[Exercise prompt] A verbatim copy is needed of the lines below from the one containing "A snow plow" up to and including the one containing "An outdoor area", excluding pictures.

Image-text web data

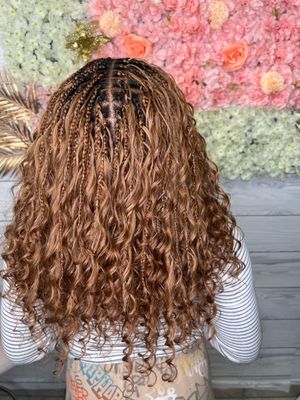 Back view of long brunette curly hair styled in micro braids against floral backdrop with pink and white flowers.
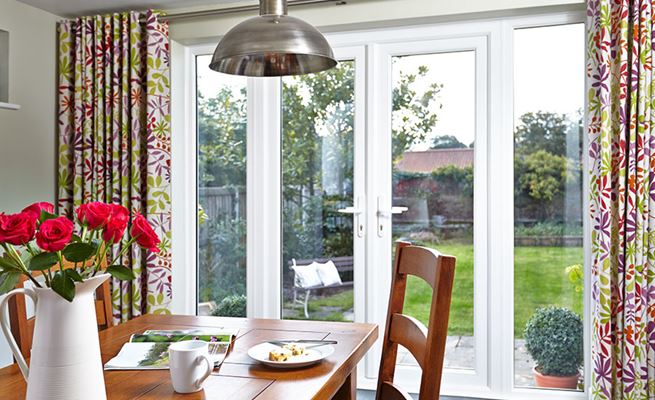 Pair of white uPVC French doors opening onto garden patio with candles and plants on the doorstep
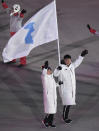 <p>North Korea’s Hwang Chung Gum and South Korea’s Won Yun-jong arrive during the opening ceremony of the 2018 Winter Olympics in Pyeongchang, South Korea, Friday, Feb. 9, 2018. (Franck Fife/Pool Photo via AP) </p>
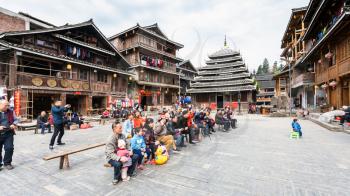 CHENGYANG, CHINA - MARCH 27, 2017: visitors in Dong Culture Show on square of Folk Custom Centre of Chengyang village of Sanjiang County in spring. Chengyang includes eight villages of Dong people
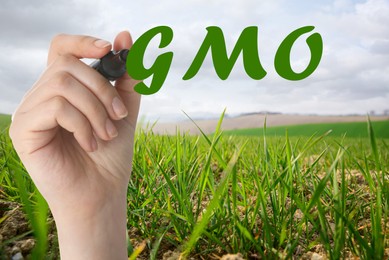 Image of GMO concept. Closeup view of woman with marker and green field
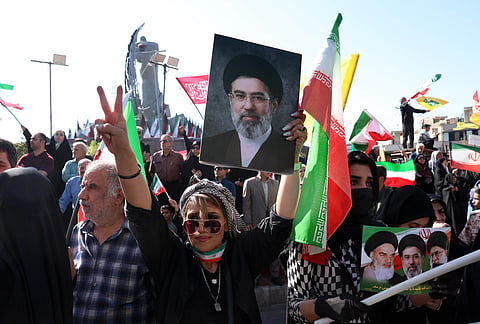 Uma mulher iraniana segura uma fotografia do Líder Supremo do Irão, ayatollah Mojtaba Khamenei.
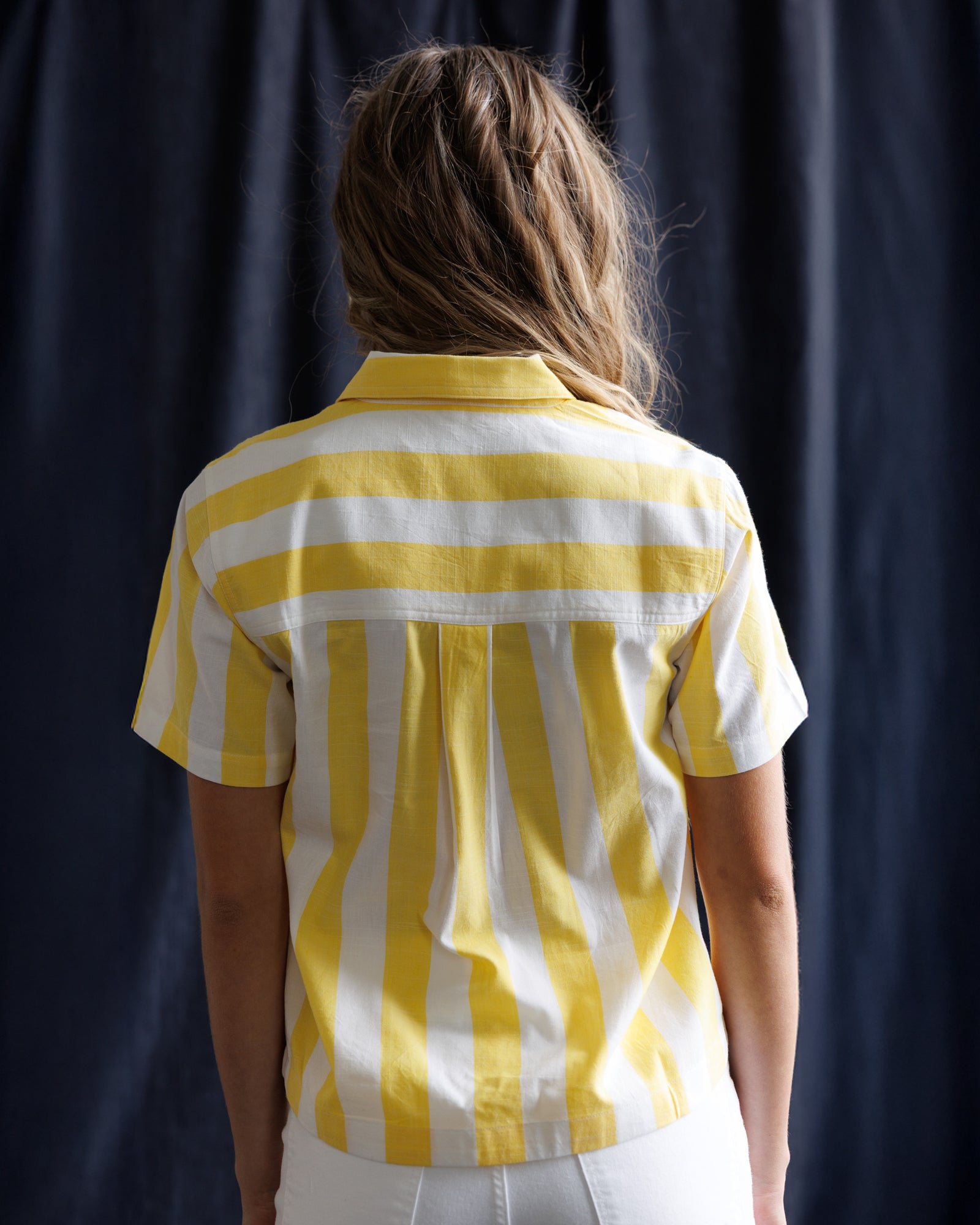 Person wearing a yellow and white striped shirt against a dark background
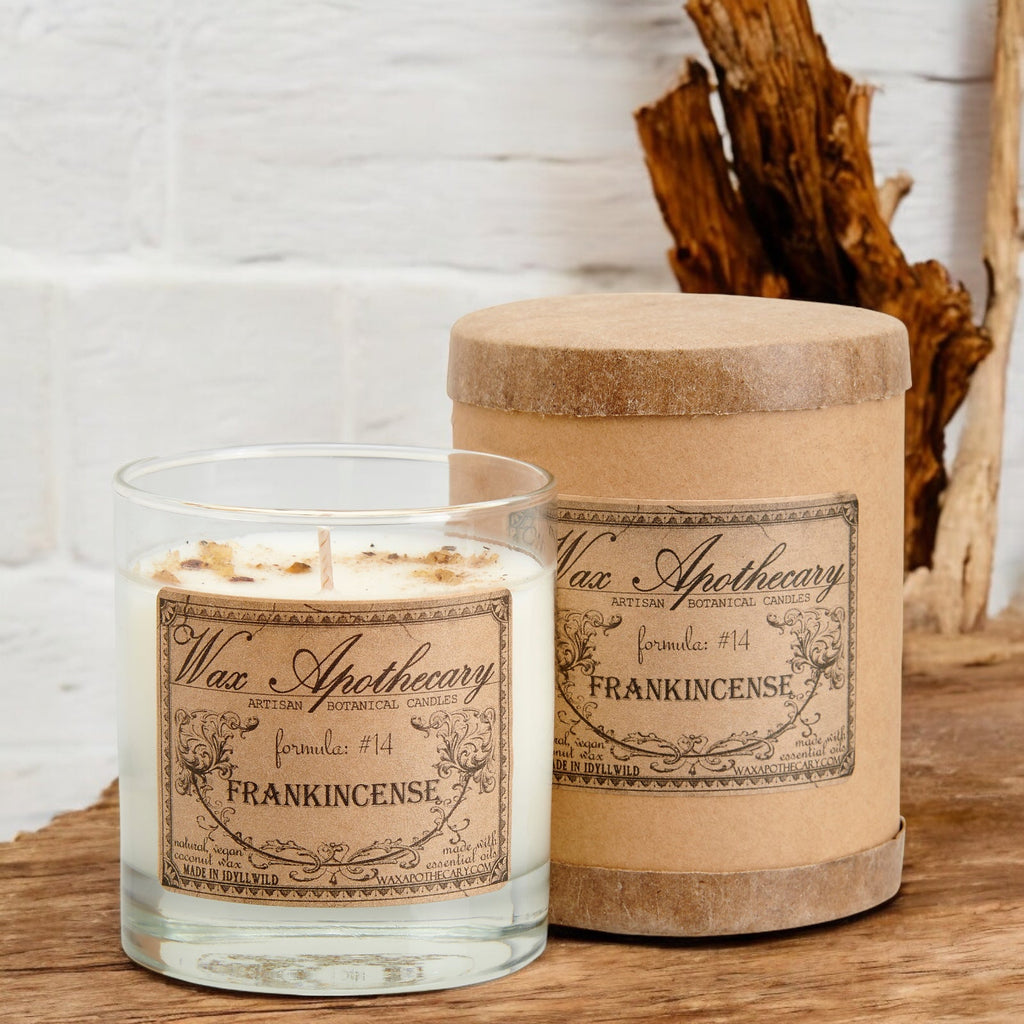 Frankincense botanical candle in clear scotch glass with kraft label, burning wick visible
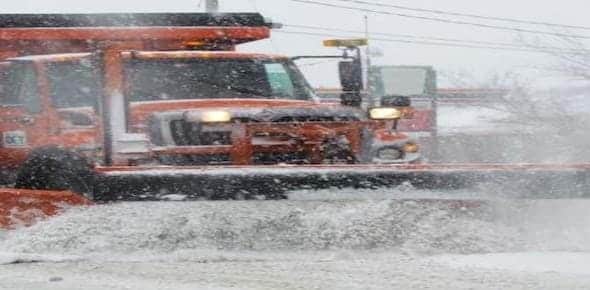 A snow plow efficiently clears the road during a heavy snowfall, ensuring safe passage and preventing potential truck injuries.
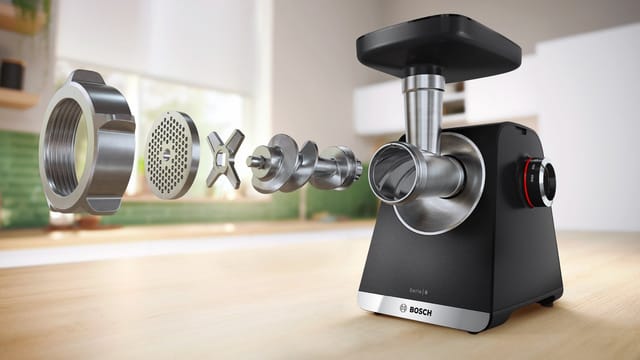 BOSCH Fleischwolf Serie 6 MFWS682B, 3,5kg/Min., Zitruspresse, Raspel, Wurststopfer, 500 W, 2 Lochscheiben (3&8mm), 10 J Motorgarantie, Planetengetriebe, schwarz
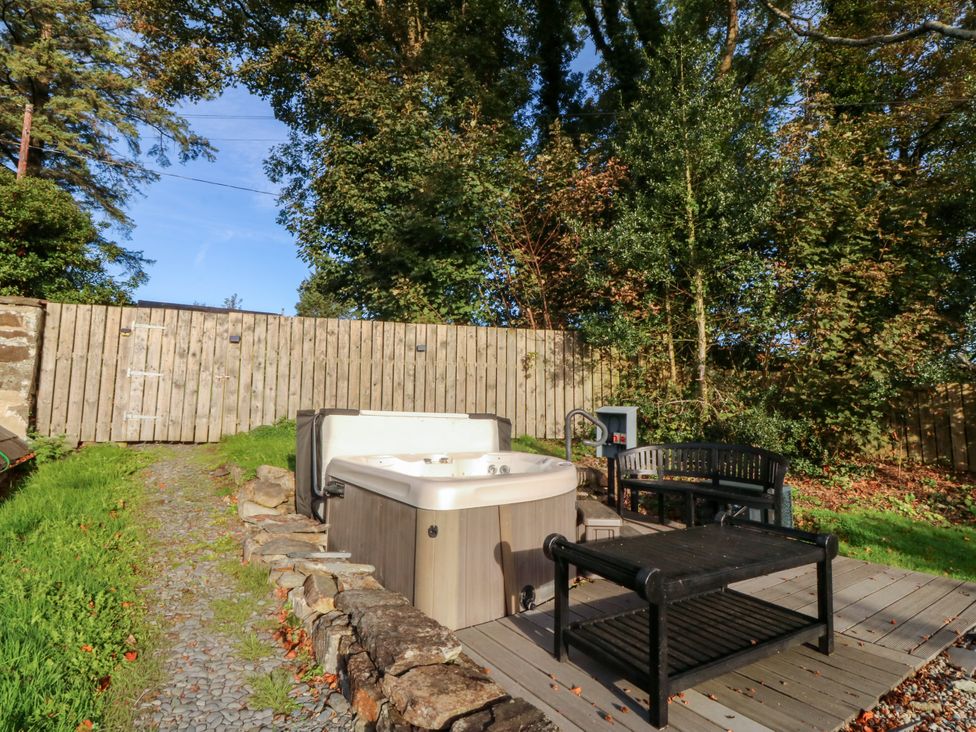 An outdoor area with a hot tub and seating at Bwthyn Bach in Pentrefelin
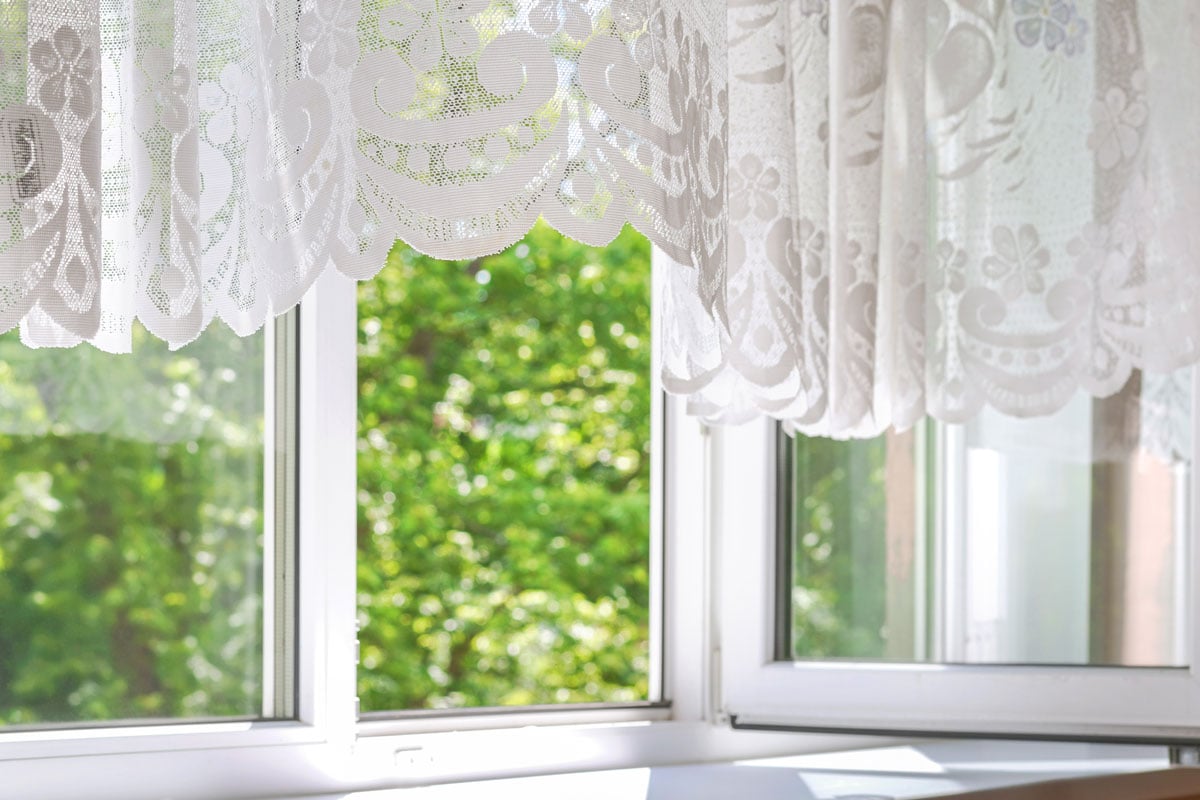 Windows with lacy curtains with green garden tress under a sunlight on summer day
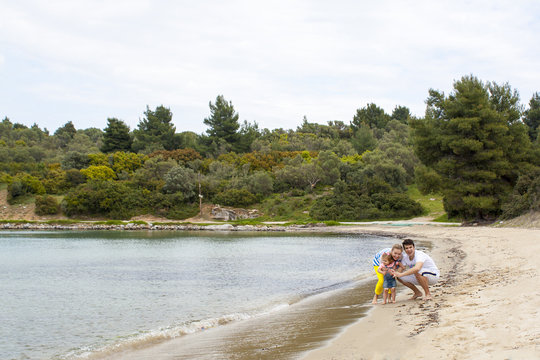 Happy family on the beach.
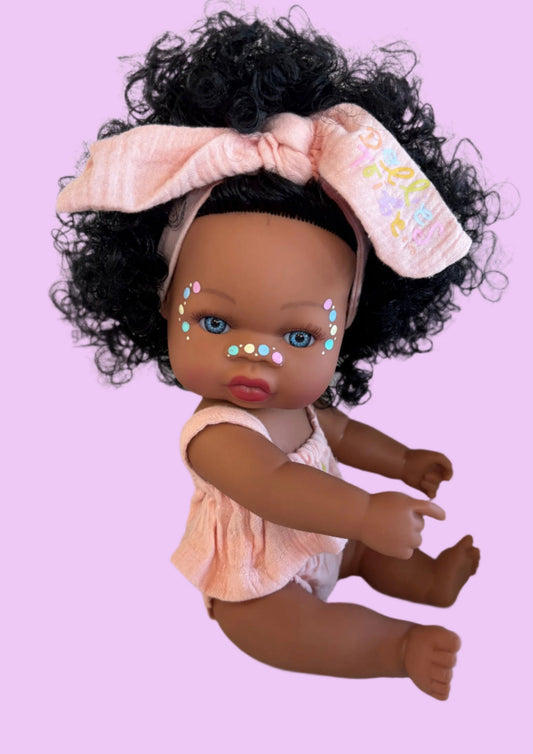 Doll with curly hair and a headband on a pink background
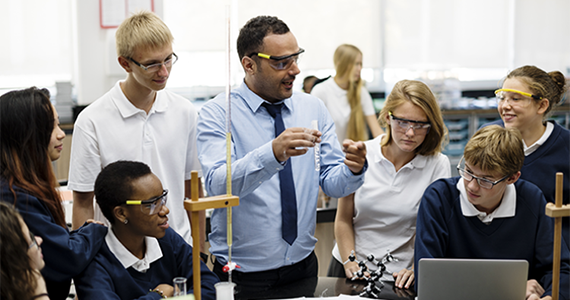 Science teacher demonstrating an experiment to students.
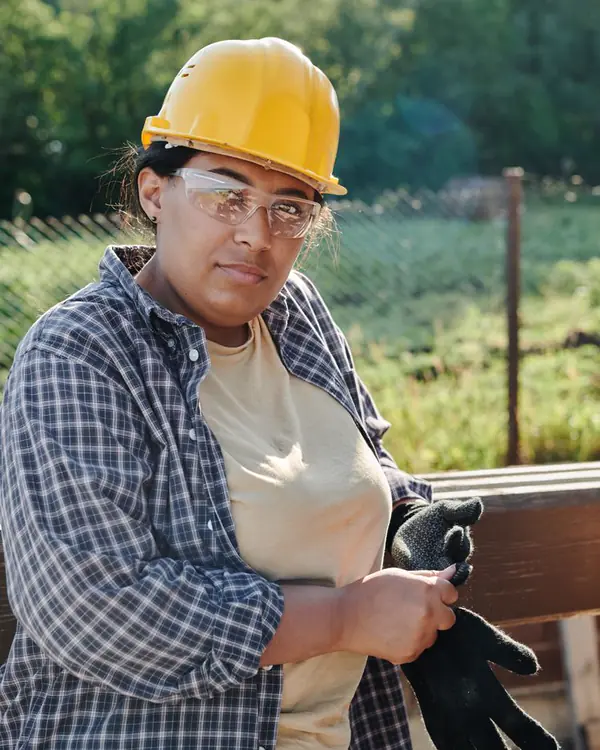 Nora Hagen in a yellow hard hat and plaid shirt, pulling on work gloves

[The completed task]
 A snow plow efficiently clears the road during a heavy snowfall, ensuring safe passage and preventing potential truck injuries.
 BOSCH Fleischwolf Serie 6 MFWS682B, 3,5kg/Min., Zitruspresse, Raspel, Wurststopfer, 500 W, 2 Lochscheiben (3&8mm), 10 J Motorgarantie, Planetengetriebe, schwarz
 An outdoor area with a hot tub and seating at Bwthyn Bach in Pentrefelin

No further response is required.